▶ _DATA RECORDS_
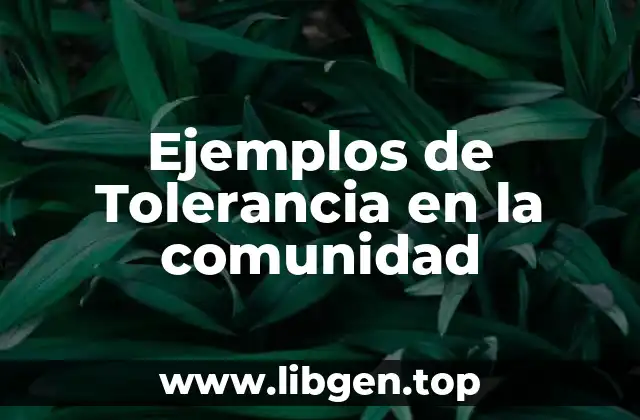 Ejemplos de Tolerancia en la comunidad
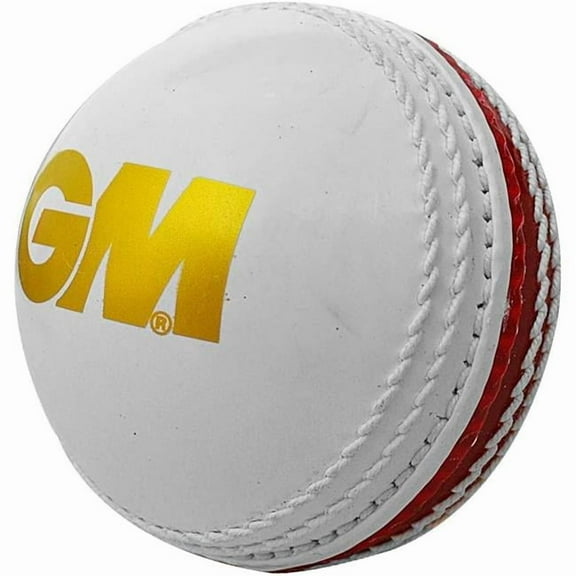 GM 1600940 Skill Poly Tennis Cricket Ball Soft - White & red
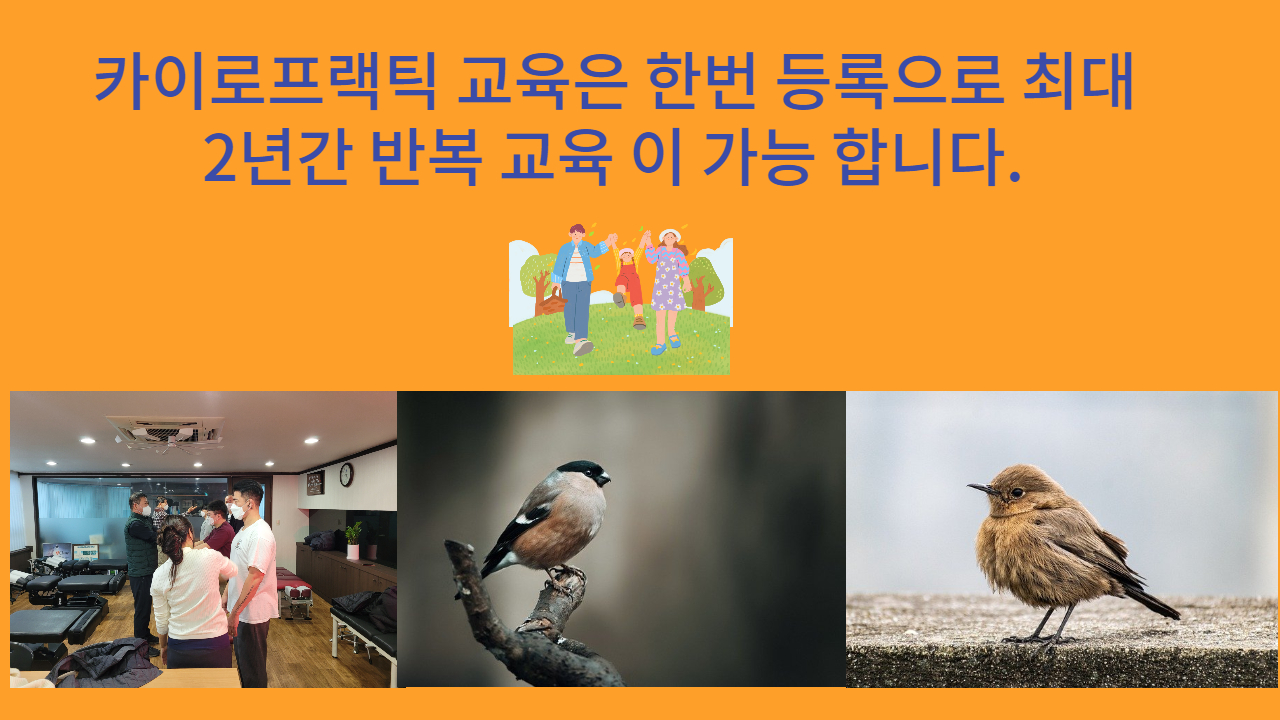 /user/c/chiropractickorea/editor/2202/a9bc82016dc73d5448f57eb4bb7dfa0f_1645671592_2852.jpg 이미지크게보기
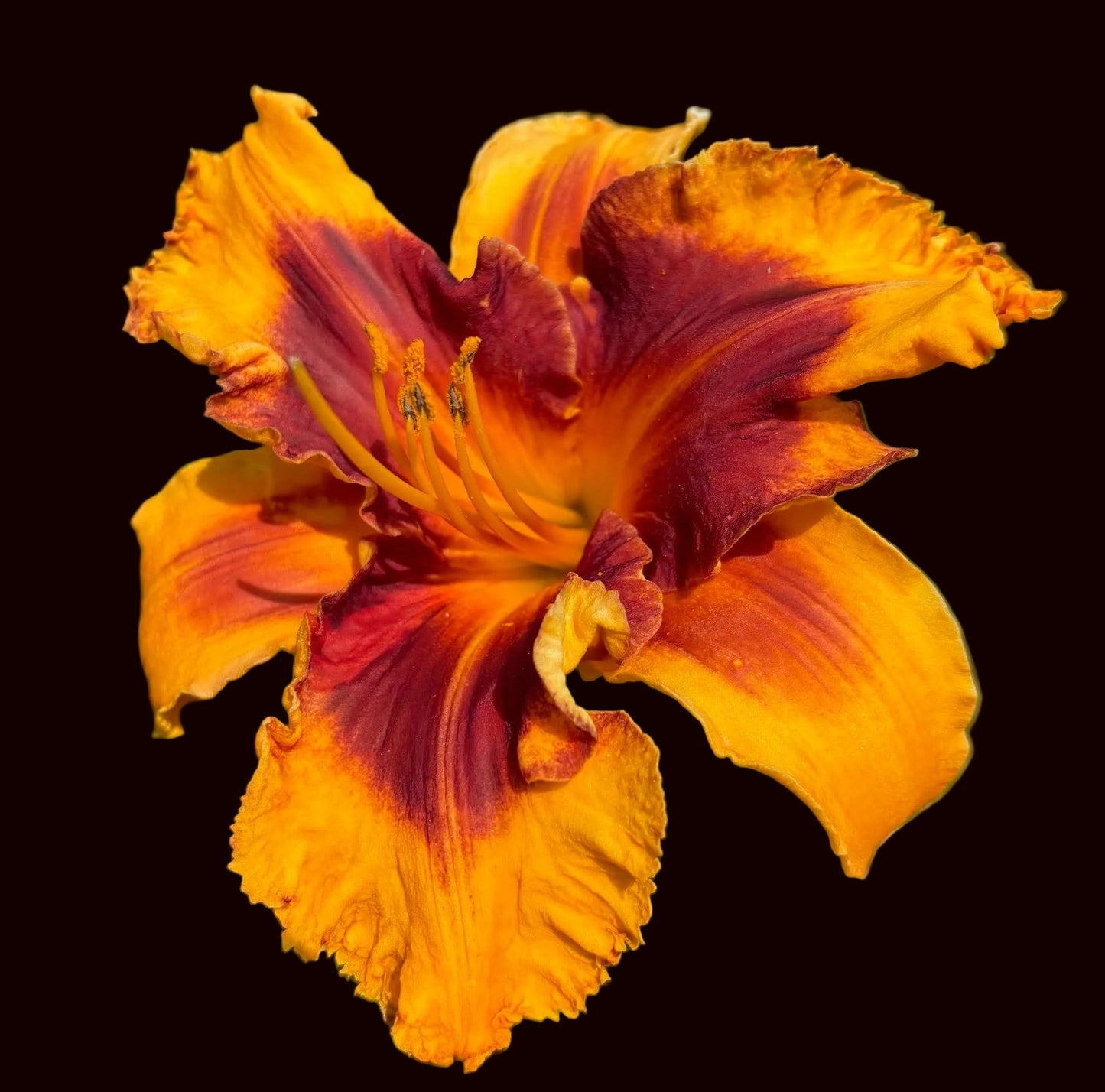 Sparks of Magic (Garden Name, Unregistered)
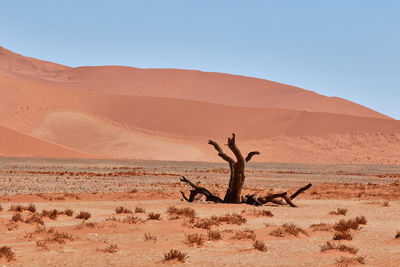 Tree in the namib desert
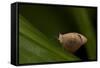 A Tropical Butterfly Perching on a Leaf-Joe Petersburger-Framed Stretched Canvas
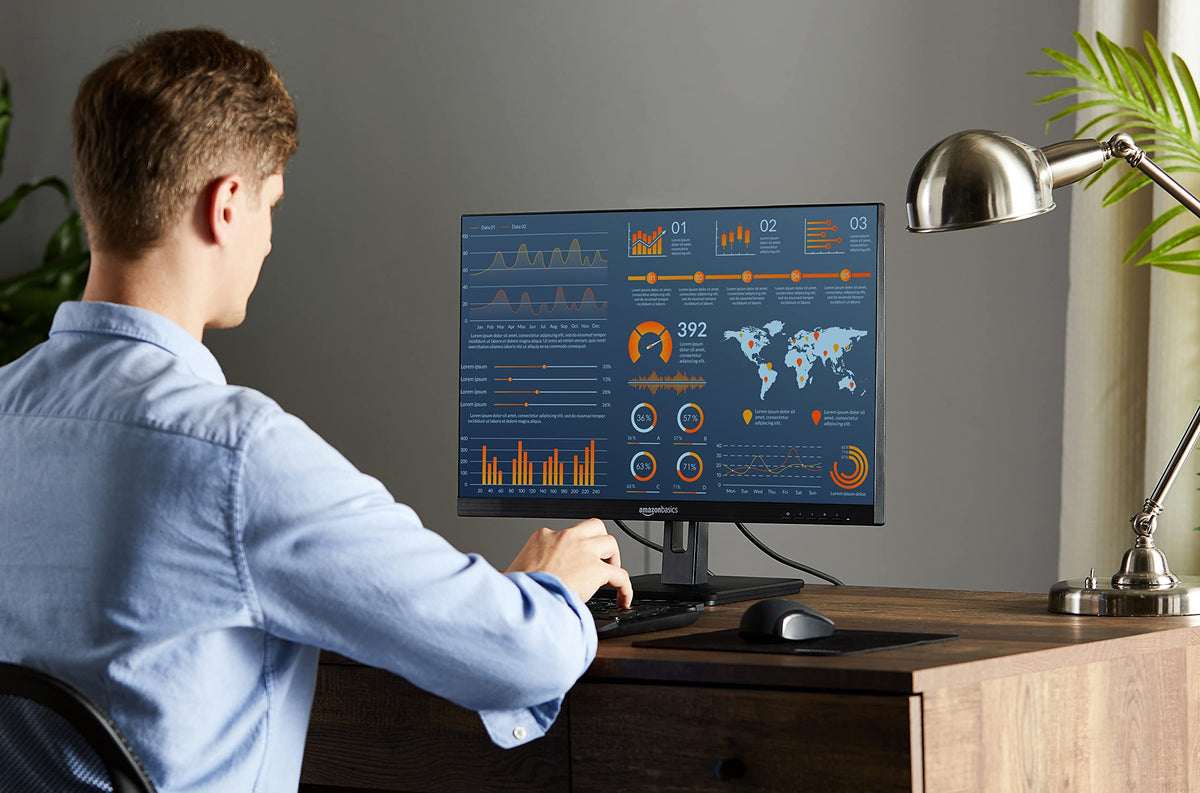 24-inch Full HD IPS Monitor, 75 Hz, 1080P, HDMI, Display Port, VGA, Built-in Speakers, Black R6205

▶ _ACTIVITY_
All entries above must be duplicated exactly; please omit any picture they hold.

▶ _WORKED SOLUTION_
 Ejemplos de Tolerancia en la comunidad
 GM 1600940 Skill Poly Tennis Cricket Ball Soft - White & red
 /user/c/chiropractickorea/editor/2202/a9bc82016dc73d5448f57eb4bb7dfa0f_1645671592_2852.jpg 이미지크게보기
 Sparks of Magic (Garden Name, Unregistered)
 Tree in the namib desert
 A Tropical Butterfly Perching on a Leaf-Joe Petersburger-Framed Stretched Canvas
 24-inch Full HD IPS Monitor, 75 Hz, 1080P, HDMI, Display Port, VGA, Built-in Speakers, Black R6205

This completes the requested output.